### WORK ORDER
Retype each line of the material below word for word; pictures stay out.

### DATA
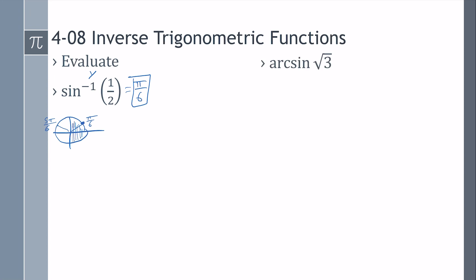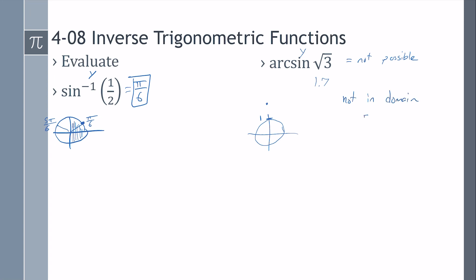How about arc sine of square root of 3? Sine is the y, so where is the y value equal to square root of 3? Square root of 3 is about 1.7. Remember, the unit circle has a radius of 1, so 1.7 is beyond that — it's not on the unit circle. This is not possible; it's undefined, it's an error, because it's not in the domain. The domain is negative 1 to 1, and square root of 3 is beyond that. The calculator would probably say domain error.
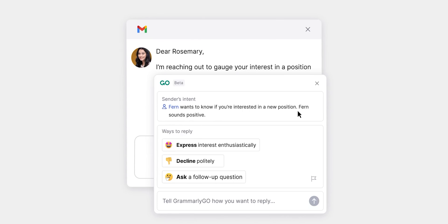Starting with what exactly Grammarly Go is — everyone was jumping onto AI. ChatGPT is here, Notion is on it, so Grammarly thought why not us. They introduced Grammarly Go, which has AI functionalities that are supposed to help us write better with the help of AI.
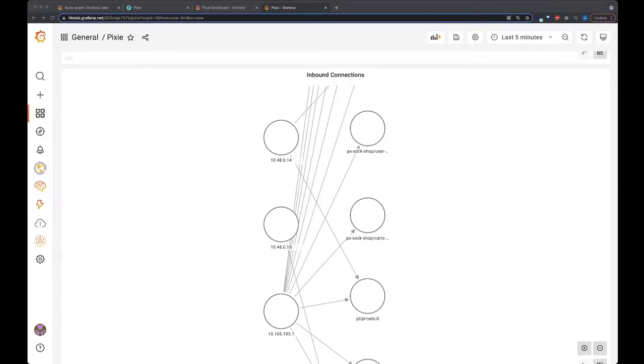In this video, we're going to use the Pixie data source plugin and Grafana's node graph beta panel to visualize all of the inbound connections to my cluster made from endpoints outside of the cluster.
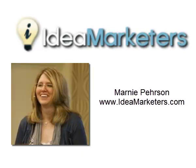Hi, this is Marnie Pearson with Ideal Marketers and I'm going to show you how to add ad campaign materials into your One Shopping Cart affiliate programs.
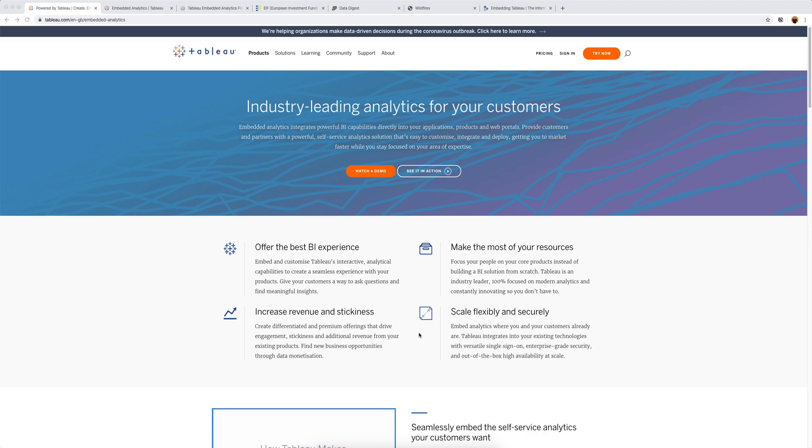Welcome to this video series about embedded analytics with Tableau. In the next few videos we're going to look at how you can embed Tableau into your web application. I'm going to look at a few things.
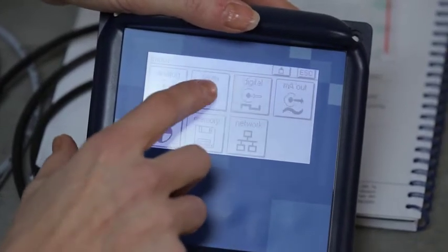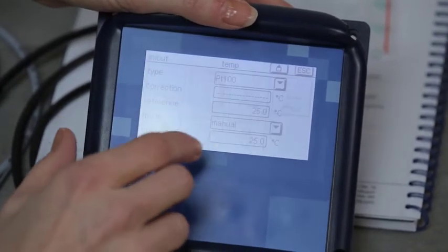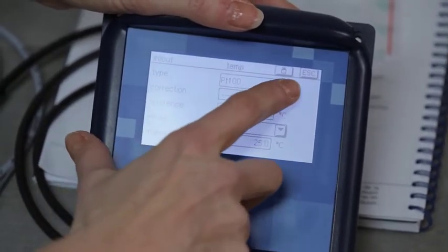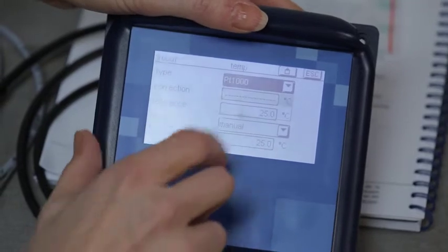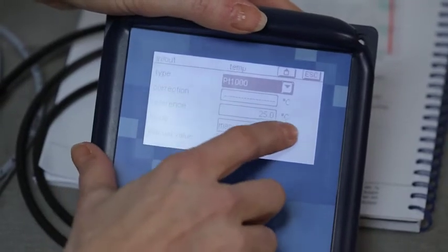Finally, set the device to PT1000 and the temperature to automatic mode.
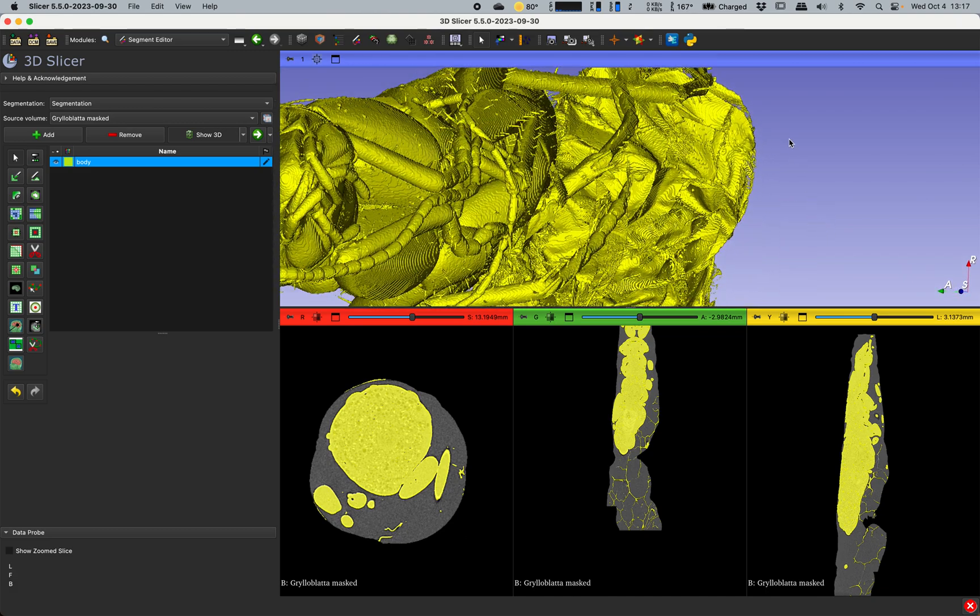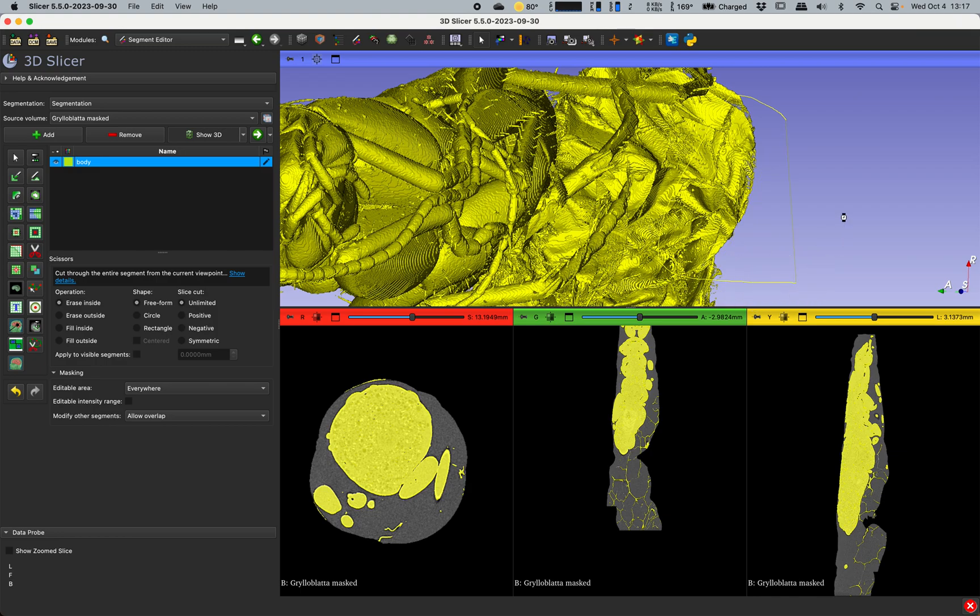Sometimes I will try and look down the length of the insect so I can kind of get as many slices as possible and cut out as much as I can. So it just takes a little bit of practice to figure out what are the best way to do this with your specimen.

### WRITTEN RESPONSE
How about arc sine of square root of 3? Sine is the y, so where is the y value equal to square root of 3? Square root of 3 is about 1.7. Remember, the unit circle has a radius of 1, so 1.7 is beyond that — it's not on the unit circle. This is not possible; it's undefined, it's an error, because it's not in the domain. The domain is negative 1 to 1, and square root of 3 is beyond that. The calculator would probably say domain error.
Starting with what exactly Grammarly Go is — everyone was jumping onto AI. ChatGPT is here, Notion is on it, so Grammarly thought why not us. They introduced Grammarly Go, which has AI functionalities that are supposed to help us write better with the help of AI.
In this video, we're going to use the Pixie data source plugin and Grafana's node graph beta panel to visualize all of the inbound connections to my cluster made from endpoints outside of the cluster.
Hi, this is Marnie Pearson with Ideal Marketers and I'm going to show you how to add ad campaign materials into your One Shopping Cart affiliate programs.
Welcome to this video series about embedded analytics with Tableau. In the next few videos we're going to look at how you can embed Tableau into your web application. I'm going to look at a few things.
Finally, set the device to PT1000 and the temperature to automatic mode.
Sometimes I will try and look down the length of the insect so I can kind of get as many slices as possible and cut out as much as I can. So it just takes a little bit of practice to figure out what are the best way to do this with your specimen.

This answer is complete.